# NaiveBayes Classifier

This project is implemntation of naivebayes algorithm for text classification.

A dataset of users comment on an onlion store is given. Our goal is to use naivebayes to analyze their comment's seniment and predict whether the user will recommend that product or not.Steps we are going to take are as follows:<br>
1. Dataset Preparation: The first step is the Dataset Preparation step which includes the process of loading a dataset and performing basic pre-processing. The dataset is then splitted into train and validation sets.
2. Feature Engineering: The next step is the Feature Engineering in which the raw dataset is transformed into flat features which can be used in a machine learning model.
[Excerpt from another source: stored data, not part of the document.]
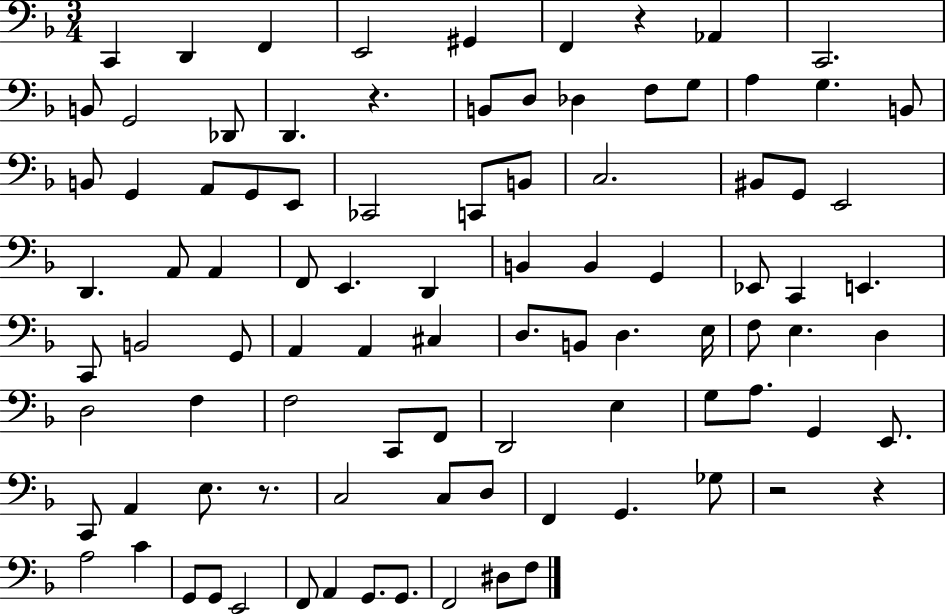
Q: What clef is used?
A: bass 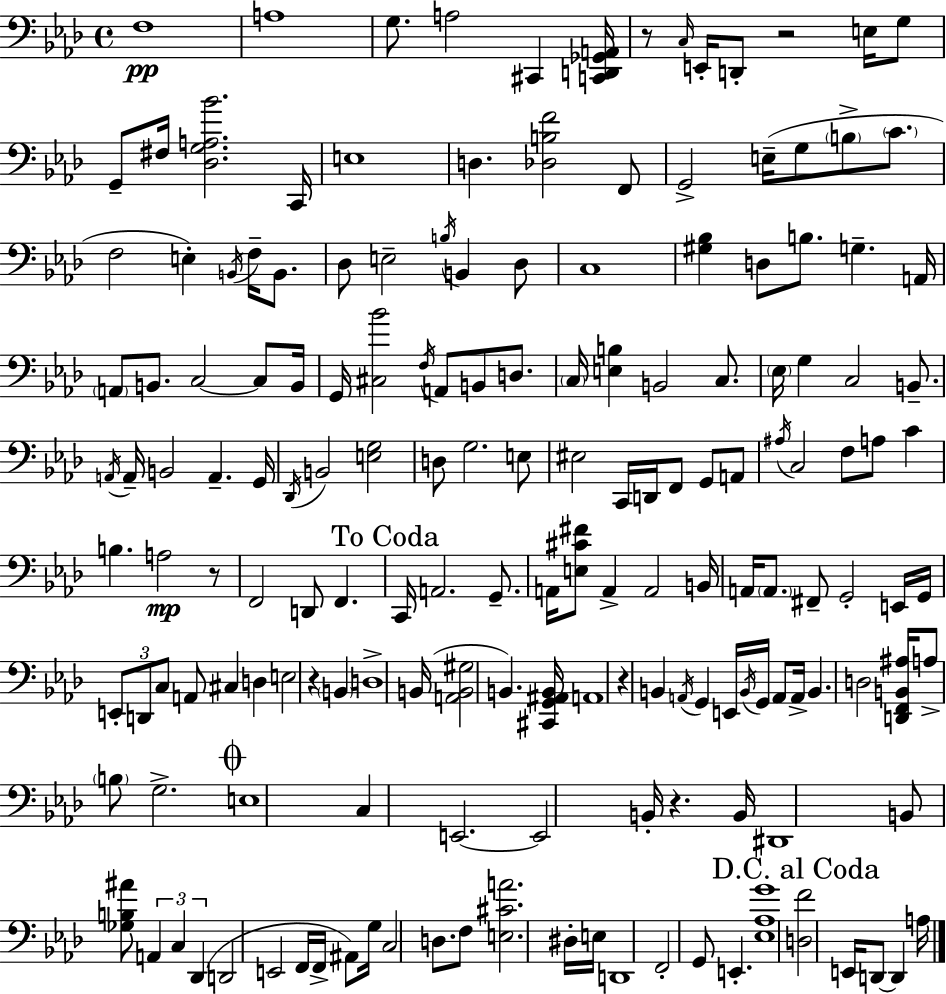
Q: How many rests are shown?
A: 6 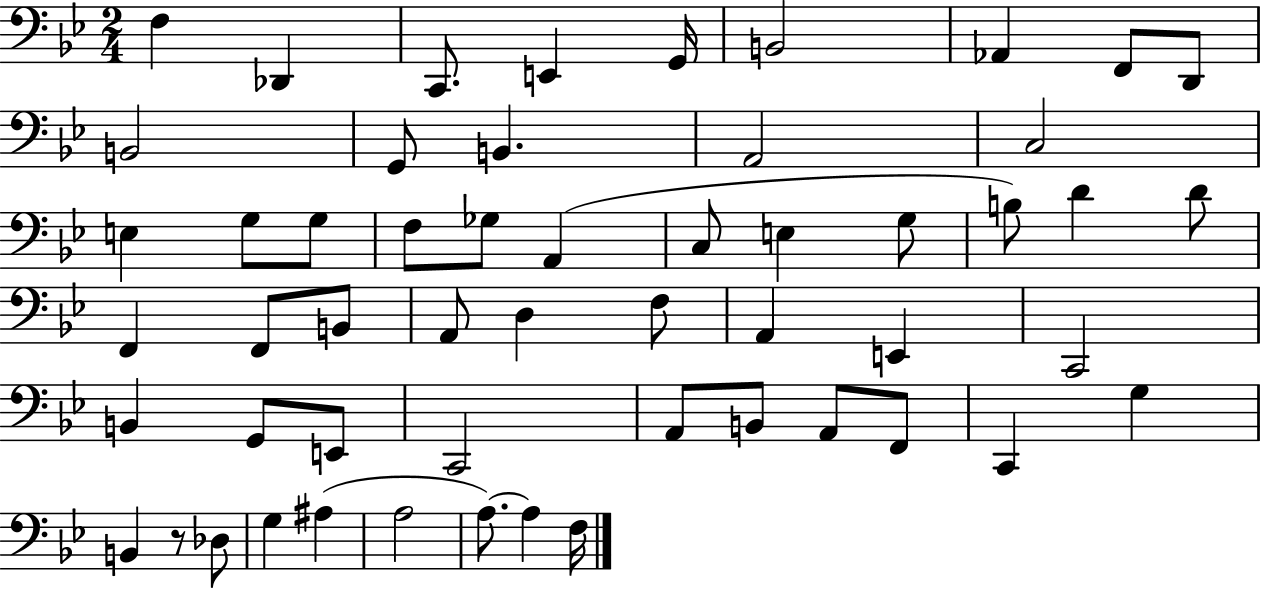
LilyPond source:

{
  \clef bass
  \numericTimeSignature
  \time 2/4
  \key bes \major
  f4 des,4 | c,8. e,4 g,16 | b,2 | aes,4 f,8 d,8 | \break b,2 | g,8 b,4. | a,2 | c2 | \break e4 g8 g8 | f8 ges8 a,4( | c8 e4 g8 | b8) d'4 d'8 | \break f,4 f,8 b,8 | a,8 d4 f8 | a,4 e,4 | c,2 | \break b,4 g,8 e,8 | c,2 | a,8 b,8 a,8 f,8 | c,4 g4 | \break b,4 r8 des8 | g4 ais4( | a2 | a8.~~) a4 f16 | \break \bar "|."
} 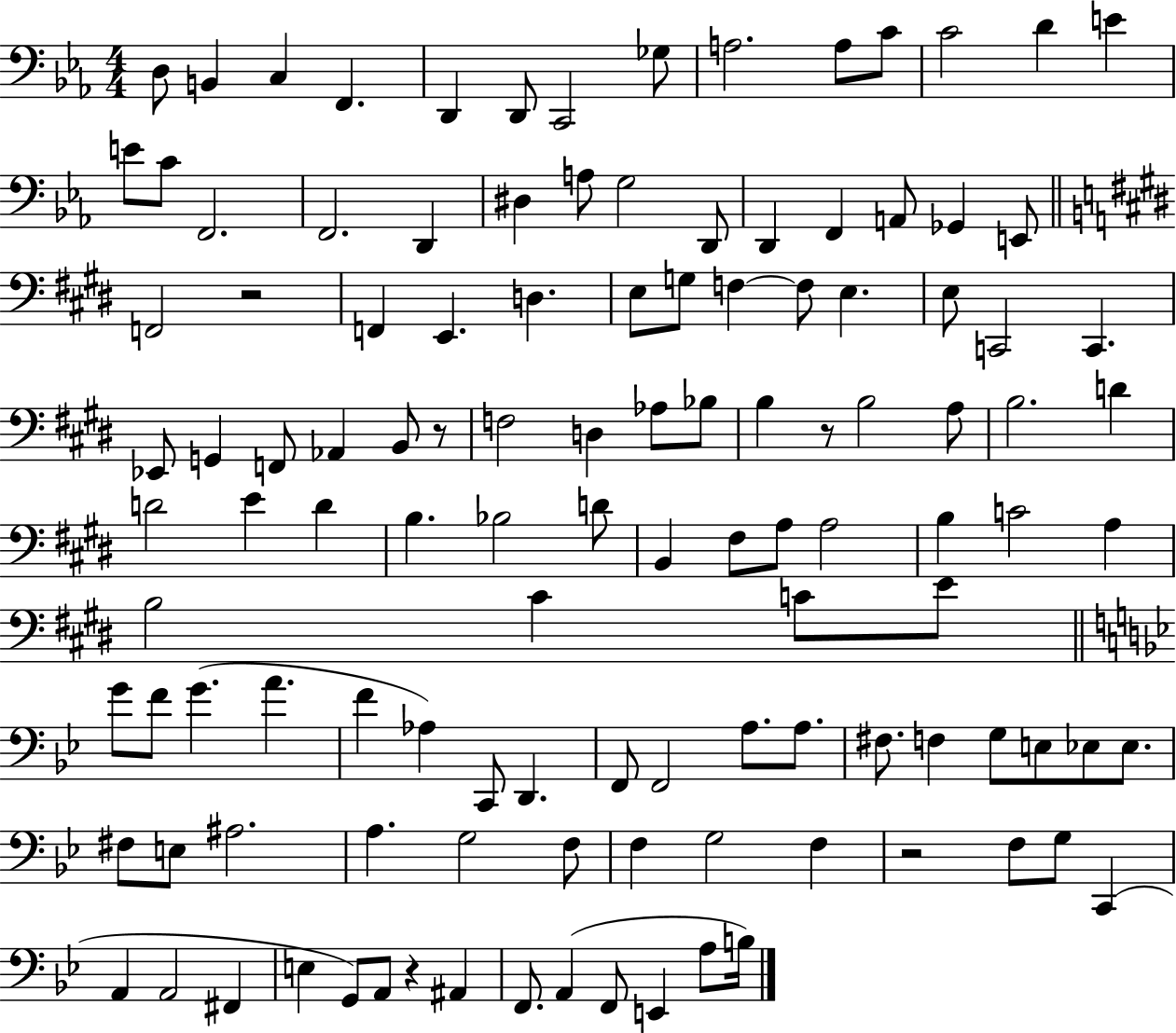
{
  \clef bass
  \numericTimeSignature
  \time 4/4
  \key ees \major
  d8 b,4 c4 f,4. | d,4 d,8 c,2 ges8 | a2. a8 c'8 | c'2 d'4 e'4 | \break e'8 c'8 f,2. | f,2. d,4 | dis4 a8 g2 d,8 | d,4 f,4 a,8 ges,4 e,8 | \break \bar "||" \break \key e \major f,2 r2 | f,4 e,4. d4. | e8 g8 f4~~ f8 e4. | e8 c,2 c,4. | \break ees,8 g,4 f,8 aes,4 b,8 r8 | f2 d4 aes8 bes8 | b4 r8 b2 a8 | b2. d'4 | \break d'2 e'4 d'4 | b4. bes2 d'8 | b,4 fis8 a8 a2 | b4 c'2 a4 | \break b2 cis'4 c'8 e'8 | \bar "||" \break \key bes \major g'8 f'8 g'4.( a'4. | f'4 aes4) c,8 d,4. | f,8 f,2 a8. a8. | fis8. f4 g8 e8 ees8 ees8. | \break fis8 e8 ais2. | a4. g2 f8 | f4 g2 f4 | r2 f8 g8 c,4( | \break a,4 a,2 fis,4 | e4 g,8) a,8 r4 ais,4 | f,8. a,4( f,8 e,4 a8 b16) | \bar "|."
} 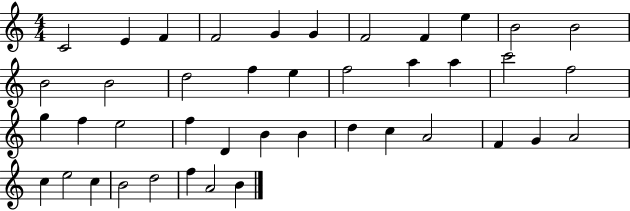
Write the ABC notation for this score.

X:1
T:Untitled
M:4/4
L:1/4
K:C
C2 E F F2 G G F2 F e B2 B2 B2 B2 d2 f e f2 a a c'2 f2 g f e2 f D B B d c A2 F G A2 c e2 c B2 d2 f A2 B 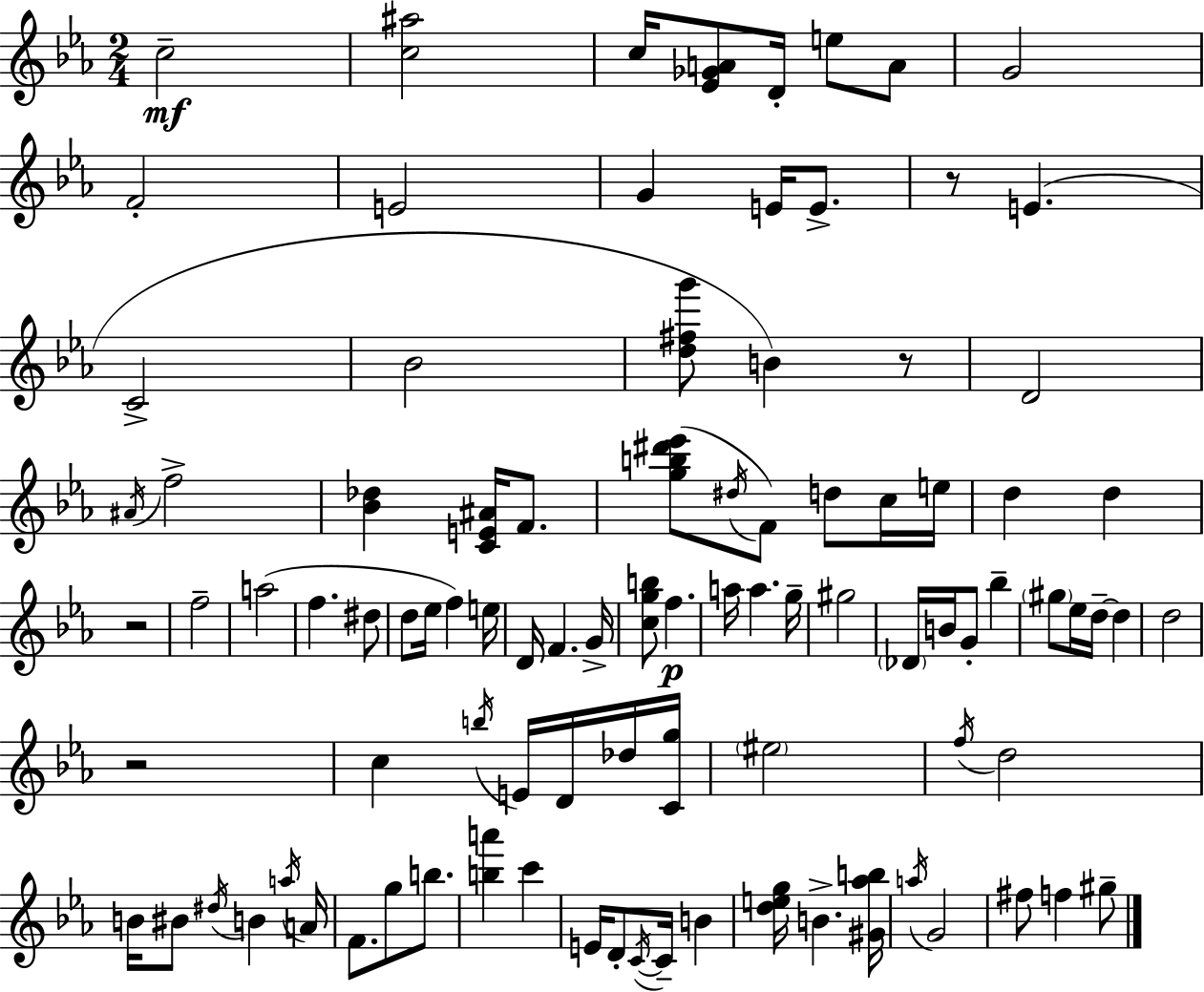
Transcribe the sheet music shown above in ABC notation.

X:1
T:Untitled
M:2/4
L:1/4
K:Eb
c2 [c^a]2 c/4 [_E_GA]/2 D/4 e/2 A/2 G2 F2 E2 G E/4 E/2 z/2 E C2 _B2 [d^fg']/2 B z/2 D2 ^A/4 f2 [_B_d] [CE^A]/4 F/2 [gb^d'_e']/2 ^d/4 F/2 d/2 c/4 e/4 d d z2 f2 a2 f ^d/2 d/2 _e/4 f e/4 D/4 F G/4 [cgb]/2 f a/4 a g/4 ^g2 _D/4 B/4 G/2 _b ^g/2 _e/4 d/4 d d2 z2 c b/4 E/4 D/4 _d/4 [Cg]/4 ^e2 f/4 d2 B/4 ^B/2 ^d/4 B a/4 A/4 F/2 g/2 b/2 [ba'] c' E/4 D/2 C/4 C/4 B [deg]/4 B [^G_ab]/4 a/4 G2 ^f/2 f ^g/2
This step also includes the process of creating new features from the existing data.
3. Model Training: The final step is the Model Building step in which a machine learning model is trained on a labelled dataset.

In [28]:
import numpy as np
import pandas as pd
from hazm import *
import re
import string
import random
from collections import Counter


A file of stopwords is loaded below for future processings.This file is from Kharazi/Persian-Stopwords[1].

In [77]:
#stop_words = [re.sub(r'\u200c','',line.rstrip('\n')) for line in open('stop_words.txt',mode="r", encoding="utf-8")]
stop_words = stopwords_list()


A train and a test dataset is given from digikala which is a e-commerce company.

In [78]:
test = pd.read_csv('comment_test.csv')
train = pd.read_csv('comment_train.csv')

In [46]:
train

Unnamed: 0,title,comment,recommend
0,زیبا اما کم دوام,با وجود سابقه خوبی که از برند ایرانی نهرین سرا...,not_recommended
1,بسیار عالی,بسیار عالی,recommended
2,سلام,من الان ۳ هفته هست استفاده میکنم\r\nبرای کسایی...,not_recommended
3,به درد نمیخورهههه,عمرش کمه تا یه هفته بیشتر نمیشه استفاده کرد یا...,not_recommended
4,کلمن آب,فکر کنین کلمن بخرین با ذوق. کلی پولشو بدین. به...,not_recommended
...,...,...,...
5995,جنسش عالیه,خیلی جنس پارچش نرم ولطیفه خیلیم جنسش خوبه اما ...,recommended
5996,خرید محصول,سلام.واقعا فکر نمی کردم به این راحتی اصلاح کنم...,recommended
5997,تعریف,من از دیجی کالا خریدم خیلی زود دستم رسید،زیبا،...,recommended
5998,اصلا چای ماچا نیسش,یا شرکت نمیدونسته چای ماچا امپریال چیه یا واقع...,not_recommended


comment column of the dataset is going to be used in future ,for simplicity.<br>
In order to train our classifier, we need to transform our headlines of words into numbers, since algorithms only know how to work with numbers.Below there are two functions one for preprocessing and cleaning the data and the other one to create a list of features in which number of occurance of each word is stored.

In [47]:
def cleanText(text):
    normalizer = Normalizer()
    #stemer = Stemmer()
    #text = stemer.stem(text)
    #lemmantiz = Lemmatizer()
    #text = lemmantiz.lemmatize(text)
    text = normalizer.normalize(text)
    text = re.sub(r'(\u200c)*','',text)
    text = re.sub(r'(\r)*','',text)
    text = re.sub(r'\d+', '', text)
    text = re.sub(r'[A-Za-z]+', '', text)
    text = re.sub(r'[^\w\s]', '', text)
    text = re.sub(r'\s\s*',' ',text)
    for word in stop_words: 
        text = text.replace(' ' + word + ' ', ' ') 
    return text

def bag_of_words(document,unique_words):
    #construction of the bag of words matrix
    number_of_documents = len(document)
    number_of_words = len(unique_words)
    bag_of_words  = np.zeros((number_of_documents, number_of_words))
    for i in range(number_of_documents):
        for j in range(number_of_words):
            bag_of_words[i, j] = document[i].count(unique_words[j])
    return bag_of_words

In the CleanText function two stemmer and lemmatizer are used.Both of them return root of the word while Stemming follows an algorithm with steps to perform on the words which makes it faster than Lemmatizer.Since many verbs and words have the same root I was expecting a better performane when using one of these techniques,However,results did not demonstrate any improvments.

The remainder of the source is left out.